New York, NY (PRWEB) July 12, 2016
Abiodun Oyewole, known in the music industry as Tunes By Dune, recently filed a sweeping lawsuit against several music publishing companies and recording artists. The lawsuit alleges multiple counts of copyright infringement and unjust content enrichment spanning three decades. As the owner of multiple copyrights, Mr. Oyewole seeks to enforce his rights as the sole owner of the song, When the Revolution Comes, and its lyrics.
The lawsuit alleges various instances of copyright infringement and subsequent unjust monetary gains by music publishing consortiums presided over by Universal Music Group, EMI Music Publishing, Warner/Chappell Music, Kobalt Music Publishing, ROC Nation and Sony/ATV. The lawsuit also names notable hip-hop artists, such as the late Notorious B.I.G., Rita Ora, Busta Rhymes and Eminem.
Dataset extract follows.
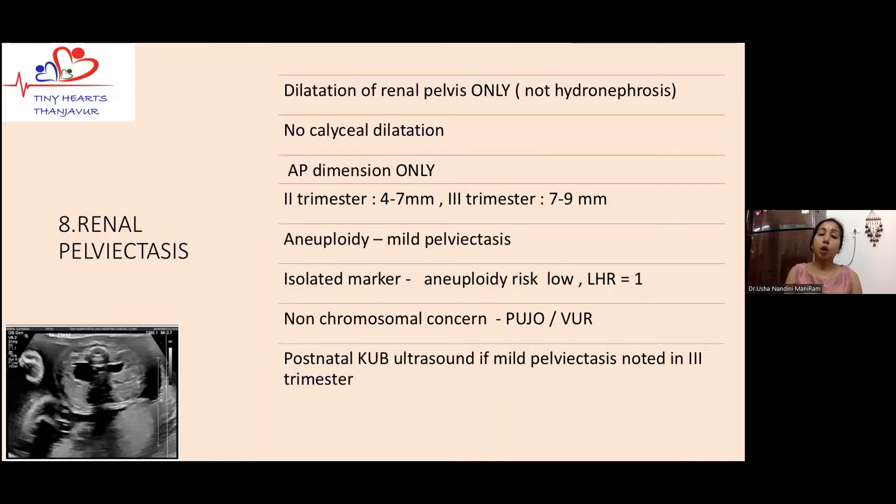Dilatation of the renal pelvis is called renal pelviectasis, and this is not synonymous with hydronephrosis. In hydronephrosis we see calyceal dilatation, whereas in renal pelviectasis only the renal pelvis is dilated. The soft marker applies only to renal pelviectasis, not hydronephrosis — the implications are totally different. Measurement must be done only in the AP diameter; the cutoff varies for second versus third trimester. Mild pelviectasis can be a marker for chromosomal abnormality — especially Down syndrome — and non-chromosomal concerns include pelvi-ureteric junction obstruction or vesicoureteric reflux, requiring antenatal and postnatal follow-up.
According to the complaint filed by New York Intellectual Property Law firm, Waseme Associates, PLLC, in New York Southern District court, with a civil action number 1:16-cv-01912, beginning in 1993, Mr. Oyewole’s “Party and Bullsh*t” hook was utilized by Christopher Wallace a.k.a. “The Notorious B.I.G.” or “Biggie Smalls.” Mr. Wallace recorded and published the solo track “Party and Bullsh*t.” While Mr. Oyewole was preparing to file claims against Mr. Wallace, he was notified of artist’s death. “After Biggie, I thought it was over, and out of respect for his wife and mother, I decided not to move forward,” said Mr. Oyewole.
In 2012, recording artist and actress Rita Ora, released the song, “How We Do (Party),” which featured the “Party and Bullsh*t” hook. Subsequently, Busta Rhymes and Eminem’s 2014 collaboration, “Calm Down,” also used Mr. Oyewole’s hook. The lawsuit claims, once again, Mr. Oyewole’s work helped propel other artists to the top of the charts. Court documents lists more defendants that include ROC Nation, Kelly Sheehan, Andrew Harr and Jermaine Jackson, individually, and collectively, the Runners, Trac-N-Field Entertainment LLC, Andre Davidson and Sean Davidson, Monarchs Berry Gordy Jr., SONY/ATV Music, Kobalt Music Publishing Ltd, Downtown Music Publishing LLC, Notorious B.I.G. Estate, a/k/a the Estate of Christopher L. Wallace, Universal Records, Universal Music Publishing Group, EMI Music Publishing, Justin Combs Company, Warner/Chappell Music, Inc., Trevor Tahiem Smith, Jr., p/k/a, Busta Rhymes, and Marshall Mathers, p/k/a Eminem, and a number of others.
Mr. Oyewole began as a spoken-word artist in the turbulent late 1960s Civil Rights movement. His work greatly influenced politically active artists of the day. As the founder of the pioneering spoken-word group, The Last Poets, Mr. Oyewole is credited with being responsible for having laid the foundation of the rap and hip-hop music genres.
The plaintiff is represented by Gregory Reed, a prominent Detroit attorney. “The Plaintiff claims copyright infringement, and seeks to impress a constructive trust,” said Mr. Reed. “And an accounting related to the incidents in question and the payment of punitive damages.”
Mr. Reed, entertainment industry icon and Entertainment Hall of Famer, has represented prominent Americans such as Rosa Parks. In 1999, the civil rights pioneer brought a lawsuit against the hip-hop group Outkast and their record company before the U.S. Supreme Court. Mr. Oyewole is also represented by notable New York attorney, Nzengha Waseme. According to Ms. Waseme, her responsibility is to undo the exploitation of the signature phrase, Party and Bullsh*t.
“The willful infringement ceased with Mr. Wallace’s death, just as Mr. Oyewole predicted. However, 15 years later, it appears that the Estate of Mr. Wallace revived and exacerbated the initial wrong, by reselling authorization that was not theirs to sell.” says Attorney Waseme.
As many in America are seeking justice, Ms. Waseme states that her goal is to seek justice for her client.